It is surprising then that, as Willis, Canavan, and Prior (2015) suggest, geographers have remained relatively absent from research on CSE. This is not to say that elsewhere discussions of CSE have ignored the role of geography Rather that, for many, the focus has been on the prevalence of CSE in different places, rather than the places where CSE is happening. An inter-disciplinary approach to child protection – that includes geographical approaches – would provide valuable opportunities for understanding how the spaces and places in which abuse occurs are essential to planning intervention and prevention.

In the eighties and nineties feminist geographers led the way in ground-breaking research on women’s experiences of different spaces. Gill Valentine’s (1989) and Rachel Pain’s (1997) work on women’s fear of crime prompted geographers to explore women’s experiences of public space and how this is shaped by their perceptions of danger and fear of violence. For example, how women construct mental maps of where they fear assault, based on personal and second-hand experiences of different public spaces such as subways, streets and parks, and in-turn develop coping strategies around these places. This work has also led geographers to ask questions about children’s use of space. Anoop Nayak’s (2003) work highlighted the need for children’s voices to be brought to issues of community safety, with others recognising the active role of public spaces in children’s experiences of growing up (Aitken, 2001). However, no papers presented at the most recent conference of the Royal Geographical Society explored issues of CSE or the overlap between geography and safeguarding work.

For geographers, space and place are the bread and butter of what we do. As the late geographer Doreen Massey (1984:4) stated ‘”The spatial” it is not just an outcome; it is part of the explanation’. This has clear relevance to CSE. As researchers and practitioners we need to understand where abuse is happening, but also why is it happening there and how those places are part of the explanation. Young people spend significant time outside the home; and when abuse is happening in parks, on streets, in shopping centres and hotels geographers would be well placed to engage research methods and theoretical approaches to question the spatial dimensions of exploitation.

The successful launch of the Contextual Safeguarding Network last month highlights the appetite practitioners have for thinking geographically.

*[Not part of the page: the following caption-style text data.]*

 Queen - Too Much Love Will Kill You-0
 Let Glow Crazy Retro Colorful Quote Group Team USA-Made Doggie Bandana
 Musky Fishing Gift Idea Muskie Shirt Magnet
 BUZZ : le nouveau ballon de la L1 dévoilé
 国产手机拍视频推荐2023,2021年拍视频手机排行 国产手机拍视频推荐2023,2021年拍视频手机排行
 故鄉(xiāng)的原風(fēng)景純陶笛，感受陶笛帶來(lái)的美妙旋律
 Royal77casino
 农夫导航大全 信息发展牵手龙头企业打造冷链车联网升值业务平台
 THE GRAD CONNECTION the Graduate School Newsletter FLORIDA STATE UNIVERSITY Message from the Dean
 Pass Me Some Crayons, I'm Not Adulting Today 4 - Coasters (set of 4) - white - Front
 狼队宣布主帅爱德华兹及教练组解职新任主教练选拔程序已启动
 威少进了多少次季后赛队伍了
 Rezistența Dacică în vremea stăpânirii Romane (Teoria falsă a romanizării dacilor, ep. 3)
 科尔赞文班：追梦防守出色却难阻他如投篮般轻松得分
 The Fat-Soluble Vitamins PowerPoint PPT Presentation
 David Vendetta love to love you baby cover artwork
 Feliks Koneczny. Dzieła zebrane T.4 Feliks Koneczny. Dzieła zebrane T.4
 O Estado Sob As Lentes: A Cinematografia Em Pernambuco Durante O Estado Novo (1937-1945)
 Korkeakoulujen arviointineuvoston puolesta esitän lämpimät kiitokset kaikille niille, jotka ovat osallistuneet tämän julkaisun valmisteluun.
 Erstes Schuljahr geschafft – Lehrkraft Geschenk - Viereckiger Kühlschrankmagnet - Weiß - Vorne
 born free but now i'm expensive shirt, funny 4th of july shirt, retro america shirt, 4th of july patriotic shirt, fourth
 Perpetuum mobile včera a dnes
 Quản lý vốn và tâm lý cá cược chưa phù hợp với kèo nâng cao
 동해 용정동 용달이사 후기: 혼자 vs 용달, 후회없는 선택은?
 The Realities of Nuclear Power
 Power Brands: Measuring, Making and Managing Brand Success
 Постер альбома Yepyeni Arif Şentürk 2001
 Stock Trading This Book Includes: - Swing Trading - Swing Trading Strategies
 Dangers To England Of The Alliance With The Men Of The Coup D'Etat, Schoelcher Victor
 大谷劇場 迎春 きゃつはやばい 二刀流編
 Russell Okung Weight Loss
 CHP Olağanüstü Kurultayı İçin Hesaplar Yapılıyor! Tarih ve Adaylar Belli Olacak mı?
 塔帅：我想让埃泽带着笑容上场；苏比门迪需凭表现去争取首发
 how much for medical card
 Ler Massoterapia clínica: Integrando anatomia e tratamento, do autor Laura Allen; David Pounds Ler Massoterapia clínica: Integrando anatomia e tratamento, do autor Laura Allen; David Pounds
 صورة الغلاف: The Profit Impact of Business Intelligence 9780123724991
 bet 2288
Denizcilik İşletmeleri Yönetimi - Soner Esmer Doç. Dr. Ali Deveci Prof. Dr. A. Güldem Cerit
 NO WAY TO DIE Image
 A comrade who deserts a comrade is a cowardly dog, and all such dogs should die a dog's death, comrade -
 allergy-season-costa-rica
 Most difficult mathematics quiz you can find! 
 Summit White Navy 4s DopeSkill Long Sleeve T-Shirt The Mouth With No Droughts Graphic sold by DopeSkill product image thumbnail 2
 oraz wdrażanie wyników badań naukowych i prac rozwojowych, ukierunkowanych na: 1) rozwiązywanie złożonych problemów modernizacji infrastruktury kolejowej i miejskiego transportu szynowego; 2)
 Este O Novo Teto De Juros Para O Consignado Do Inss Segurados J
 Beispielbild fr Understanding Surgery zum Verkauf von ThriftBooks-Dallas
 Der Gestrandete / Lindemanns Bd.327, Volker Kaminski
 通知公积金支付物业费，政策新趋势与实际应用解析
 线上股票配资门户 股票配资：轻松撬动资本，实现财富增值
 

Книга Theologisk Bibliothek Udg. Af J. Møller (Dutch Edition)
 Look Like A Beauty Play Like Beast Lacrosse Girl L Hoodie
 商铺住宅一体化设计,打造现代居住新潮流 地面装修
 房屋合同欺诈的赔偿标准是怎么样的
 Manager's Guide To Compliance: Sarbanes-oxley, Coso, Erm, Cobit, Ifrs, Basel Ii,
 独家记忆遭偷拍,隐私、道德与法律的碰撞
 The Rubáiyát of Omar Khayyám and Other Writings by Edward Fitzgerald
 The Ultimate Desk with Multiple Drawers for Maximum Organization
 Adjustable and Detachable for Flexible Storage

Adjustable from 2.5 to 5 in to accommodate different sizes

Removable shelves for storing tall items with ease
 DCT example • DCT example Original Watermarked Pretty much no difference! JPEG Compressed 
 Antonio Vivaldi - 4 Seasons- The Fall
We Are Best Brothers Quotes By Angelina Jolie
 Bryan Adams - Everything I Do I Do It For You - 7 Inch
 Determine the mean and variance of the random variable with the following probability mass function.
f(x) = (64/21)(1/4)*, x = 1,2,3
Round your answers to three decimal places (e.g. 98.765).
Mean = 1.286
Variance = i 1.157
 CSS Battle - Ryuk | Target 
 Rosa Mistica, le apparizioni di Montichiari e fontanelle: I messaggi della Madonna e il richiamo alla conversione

This is echoed in my observations of multi-agency meetings where discussions of CSE, violence against women and girls and serious youth violence often mention particular venues or hotspots of concern and begin asking about young people’s experiences of these places. I’m reminded at these times of the applicability of geographically informed methods – walking interviews, participatory mapping and photo-voice – that are already used far and beyond the discipline with researchers and practitioners.

It is also clear in these meetings that there is a need to critically understand the relationships young people have with each other in different places. There is scope here to develop work on ‘contact zones’, a concept which brings together intersectional thinking, the history of places and how this impacts social relationships in cities. A contact perspective would encourage discussion of how young people construct their identities in different places and in relation to different peers. This approach could be used to understand the dynamics of group offending and harmful sexual behaviour and how different people are influential to young people in different contexts and at different times. By thinking beyond individuals and to the places abuse occurs there is scope to develop creative and geographically informed approaches that create safer spaces and prevent abuse occurring.

I don’t know why there is a dearth of work by geographers in this area, but I do know that there is ample room for their contribution. Preventing abuse requires more inter-disciplinary approaches. This would strengthen the work of researchers and practitioners working with children and young people, as well as the field of geography as a whole.